Task description =
The pictures in the listing below are to be skipped, while the lines between the line holding "Kapolri Jenderal Listyo" and the line holding "Біля-Північног", inclusive, are to be output exactly.

*** Opening Materials provided ***

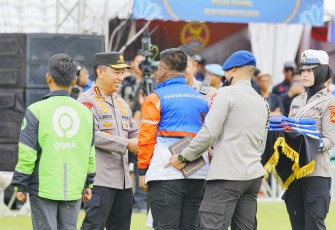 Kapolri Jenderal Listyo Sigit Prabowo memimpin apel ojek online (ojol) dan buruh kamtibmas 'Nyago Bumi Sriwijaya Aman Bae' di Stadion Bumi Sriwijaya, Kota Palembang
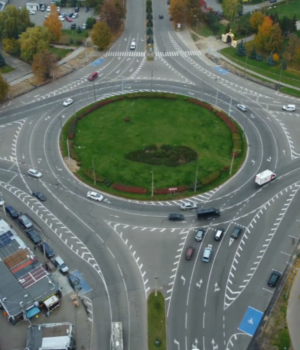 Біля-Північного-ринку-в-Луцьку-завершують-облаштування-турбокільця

*** Closing Materials provided ***
*** Opening Materials provided ***

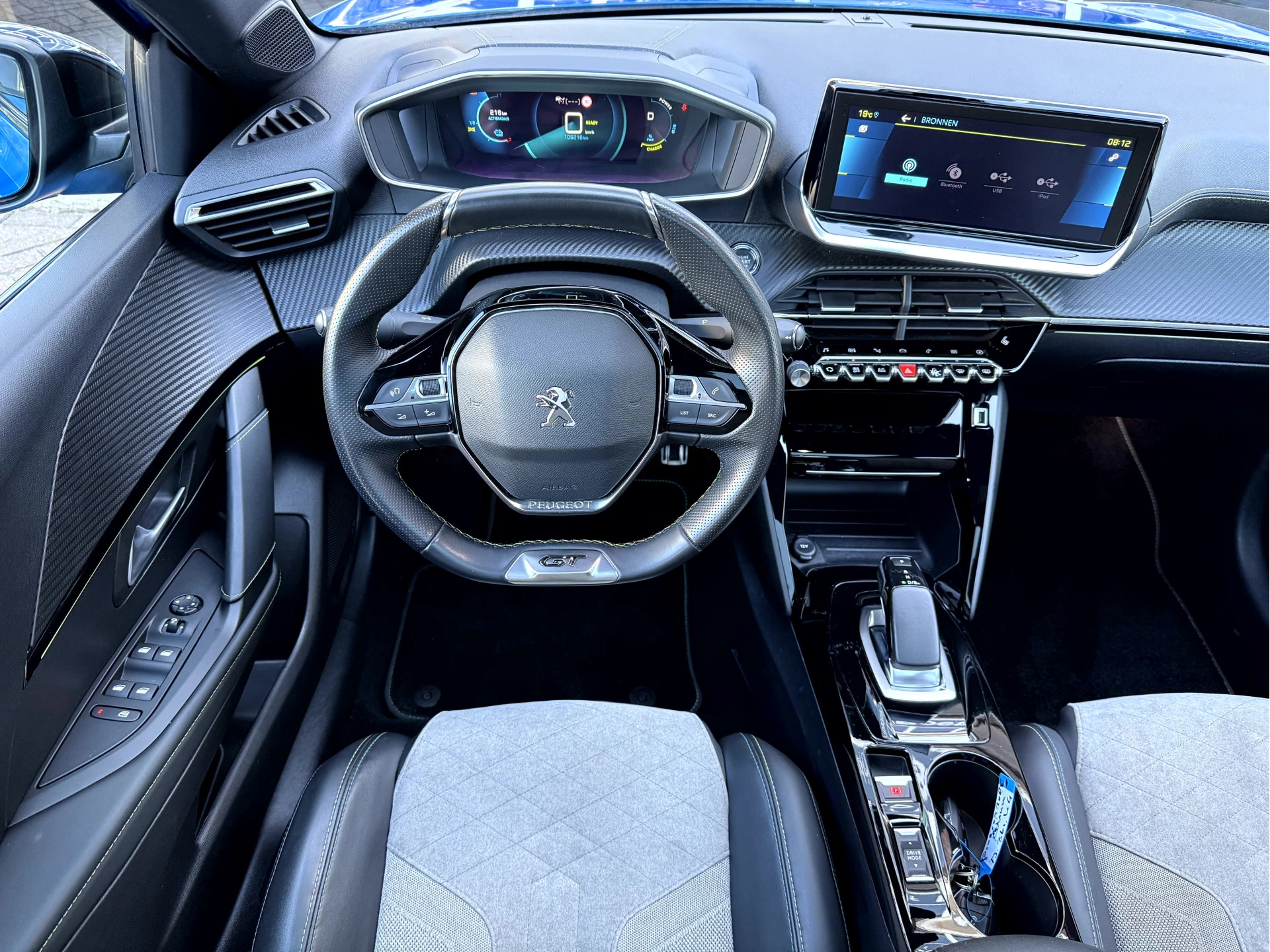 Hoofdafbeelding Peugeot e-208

*** Closing Materials provided ***
*** Opening Materials provided ***

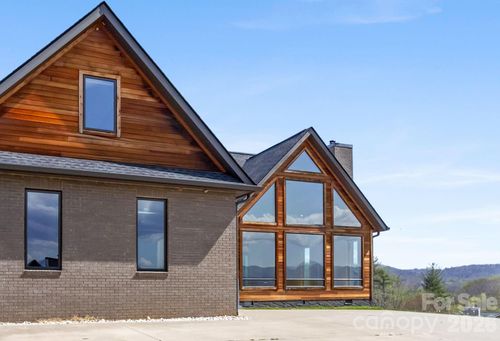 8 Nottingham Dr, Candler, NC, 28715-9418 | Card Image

*** Closing Materials provided ***

Response =
 Kapolri Jenderal Listyo Sigit Prabowo memimpin apel ojek online (ojol) dan buruh kamtibmas 'Nyago Bumi Sriwijaya Aman Bae' di Stadion Bumi Sriwijaya, Kota Palembang
 Біля-Північного-ринку-в-Луцьку-завершують-облаштування-турбокільця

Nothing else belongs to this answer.